This was the week for shooting panoramas of the Mississippi River. Friends Bob and Claire Rogers are walking to the very tip of Illinois where the Ohio (left) and Mississippi rivers join at Fort Defiance. The Mississippi must be running slightly higher, because you can see that it is holding the Ohio back. Click on the photos to make them larger.
There are seven frames stitched together by Photoshop in this panorama. What’s amazing is that Bob and Claire were walking away from me when I swept the scene, so they appeared in two photos and different locations. The program was smart enough to know that there’s only one Bob and Claire in the world and not to duplicate them.
View from Trail of Tears
The overlook at the Trail of Tears State Park offers a beautiful view of the river. While we were there, we spotted a guy in a rowboat making his way downstream. The way his gear was packed, we figured his destination was New Orleans.
“If he lands in Cape,” I commented to my friends, “I wonder who is working the Huck Finn Beat now that I’m gone.”
This was made of five frames.
Great shots…I always miss the river thanks for adding these. Like you I would not trade a bucket of Gulf water for two drops of river water.

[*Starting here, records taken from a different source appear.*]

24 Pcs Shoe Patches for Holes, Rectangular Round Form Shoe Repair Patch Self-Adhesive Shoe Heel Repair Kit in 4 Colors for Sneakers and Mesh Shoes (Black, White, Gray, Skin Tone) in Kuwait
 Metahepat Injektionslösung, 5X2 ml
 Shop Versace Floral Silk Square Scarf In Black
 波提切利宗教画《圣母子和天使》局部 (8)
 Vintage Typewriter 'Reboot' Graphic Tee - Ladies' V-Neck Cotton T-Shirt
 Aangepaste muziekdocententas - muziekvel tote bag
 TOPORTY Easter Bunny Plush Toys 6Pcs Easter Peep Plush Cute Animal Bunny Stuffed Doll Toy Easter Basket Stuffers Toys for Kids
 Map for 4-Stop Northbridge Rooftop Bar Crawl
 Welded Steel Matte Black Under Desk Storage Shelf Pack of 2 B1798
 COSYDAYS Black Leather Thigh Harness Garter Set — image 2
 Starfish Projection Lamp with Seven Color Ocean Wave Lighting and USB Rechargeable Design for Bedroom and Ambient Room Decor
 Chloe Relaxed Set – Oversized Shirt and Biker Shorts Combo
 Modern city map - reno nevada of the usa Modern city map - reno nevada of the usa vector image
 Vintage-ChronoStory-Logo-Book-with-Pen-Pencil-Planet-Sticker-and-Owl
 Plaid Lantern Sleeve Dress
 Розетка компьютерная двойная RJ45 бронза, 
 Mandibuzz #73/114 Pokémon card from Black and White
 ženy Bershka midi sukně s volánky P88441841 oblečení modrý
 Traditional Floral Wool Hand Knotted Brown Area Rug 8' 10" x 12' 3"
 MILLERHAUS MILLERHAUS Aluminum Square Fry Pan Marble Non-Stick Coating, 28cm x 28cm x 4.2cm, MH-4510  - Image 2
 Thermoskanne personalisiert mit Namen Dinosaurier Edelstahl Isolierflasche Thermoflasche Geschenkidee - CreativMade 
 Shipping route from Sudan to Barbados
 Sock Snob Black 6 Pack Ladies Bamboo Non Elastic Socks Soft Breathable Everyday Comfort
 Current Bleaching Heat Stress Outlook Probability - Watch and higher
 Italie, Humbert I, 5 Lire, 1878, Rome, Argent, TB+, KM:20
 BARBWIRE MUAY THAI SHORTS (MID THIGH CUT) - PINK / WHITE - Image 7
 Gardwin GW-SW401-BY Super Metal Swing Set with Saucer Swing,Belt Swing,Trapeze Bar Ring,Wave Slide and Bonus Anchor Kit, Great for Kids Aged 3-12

Ken, Great pictures, I found an online site that is free and does a great job. I use it for Real Estate websites, single property websites. http://www.dermandar.com/create/
It works if you can teach agents how to take a series of shots without changing positions that is! Here’s a NJ agent’s site I used that on and decorated an empty house too. http://www.530lafayette.inwyckoffnj.com/
I love this tech stuff! so much easier today.
Before that new and “improved” overlook was built at Trail of Tears there was an easy way to bypass the old railing and climb down twenty or thirty feet to a rock outcropping at the very lip of the precipice that fell away toward the railroad tracks. I could sit there for half a day, watching the hawks and an occasional eagle navigate the air currents and the tows and pleasure craft navigate the river’s currents, while joining the bluffs on the west bank and the Shawnee Forest to the east brooding over it all. I can hardly count the frames my mind stored (way more than five) in recording those scenes. Thanks, Ken, for the panorama that marshaled a grand recall of those memories.
@Rich: Nice memories, good writing Rich. Quite a spot.
@Ken: I’d like to see Photoshop let you show us twice! We went back to the confluence for a long lunch and some private time, wonderful spot. Ky Lake for a day or two and a long bike ride down the Land Between The Lakes. Great visit. You are a very special tour guide! SE Missouri is a special place.